Andere Fluchtgründe gab der BF nicht an.

II. Das Bundesverwaltungsgericht hat erwogen:

II.1. Feststellungen:

II.1.1. Zur Person des BF:

Der volljährige BF ist Staatsangehöriger von Bangladesch und – formell - der sunnitischen Glaubensgemeinschaft zugehörig. Seine Muttersprache ist Bengali. Der BF ist ledig und hat keine Beziehung sowie keine Kinder.

Der BF hat in Bangladesch zwölf Jahre eine Grundschule besucht. Danach studierte er vier Jahre bis zum Bachelor und ein Jahr bis zum Master der XXXX . Der BF hat in Bangladesch keinen Beruf ausgeübt. Sein Vater ist für seinen Lebensunterhalt aufgekommen.

Die Eltern und die Schwester des BF sowie weitere Verwandte des BF leben in Bangladesch. Der BF hat regelmäßigen, wöchentlich ein- bis dreimal, Kontakt zu seiner Mutter und zur Schwester.
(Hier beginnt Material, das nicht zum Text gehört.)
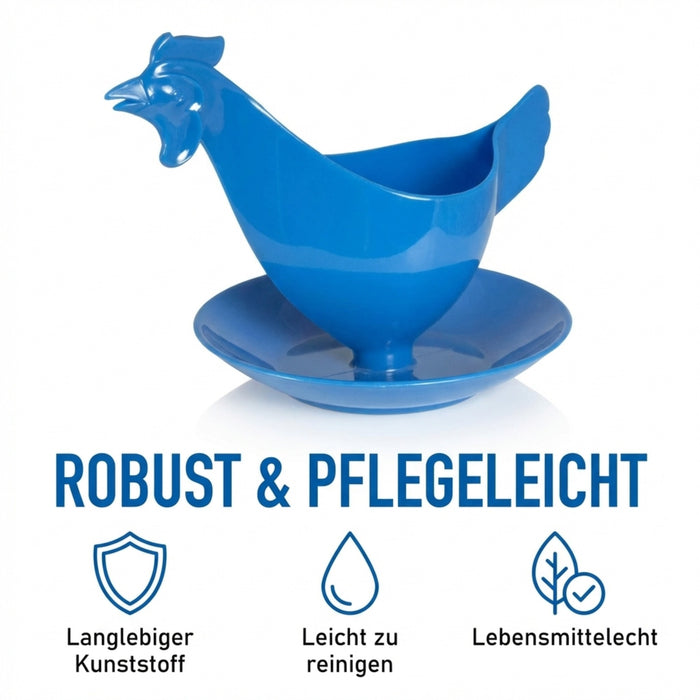 Eierbecher Frühstücks-Set - 6x Becher, 6x Löffel, 1x Geschenkbox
Der BF reiste erstmals am 30.09.2015 legal mit einem Studentenvisum in Österreich ein. Vom 09.05.2017 bis 21.09.2017 hielt sich der BF in Bangladesch auf, danach flog er wieder nach Österreich. Am 12.10.2017 stellte der BF einen Antrag auf Verlängerung seines befristeten Aufenthaltstitels. Am 07.11.2017 endete der Aufenthaltstitel des BF, weil der BF den erforderlichen Deutschkurs nicht absolvierte. Der BF absolvierte in Österreich keine einzige Prüfung an der XXXX im angestrebten Studium Philosophie.

Am 15.04.2019 stellte der BF den gegenständlichen Asylantrag. Der BF lebte somit von 08.11.2017 bis 14.04.2019 illegal in Österreich.

Der BF ist selbständig in der Reklameverteilung tätig und lukriert dadurch ca 1.300 € netto monatlich; für Miete in seiner jetzigen Unterkunft zahlt der BF ca. 360,- €. Zuvor wohnte der BF u.a. nach Auskunft des ZMR im „ XXXX “ von 07.10.2015 bis 29.11.2018.

Im Bundesgebiet befinden sich keine Familienangehörigen des BF. Der BF ist strafrechtlich unbescholten, gesund und arbeitsfähig.

II.1.2. Zum Fluchtvorbringen des BF:

Der BF macht religiöse Gründe für seine Flucht geltend; er sei Atheist.

Der BF, welcher formell sunnitischen Glaubens ist, machte bei seiner Einvernahme vor dem BFA am 15.04.2019 sowie am 04.06.2019 religiöse Gründe für seine Flucht geltend. Er würde auf Facebook Postings verbreiten, die einen religionskritischen Zugang (gegenüber allen Religionen, nicht nur gegenüber dem Islam) erkennen lassen. Festgestellt wird, dass der BF behauptet, seit Jahren religionskritische Postings zu verfassen und als „Blogger“, zumeist in kommunistischen Gruppen, tätig zu sein.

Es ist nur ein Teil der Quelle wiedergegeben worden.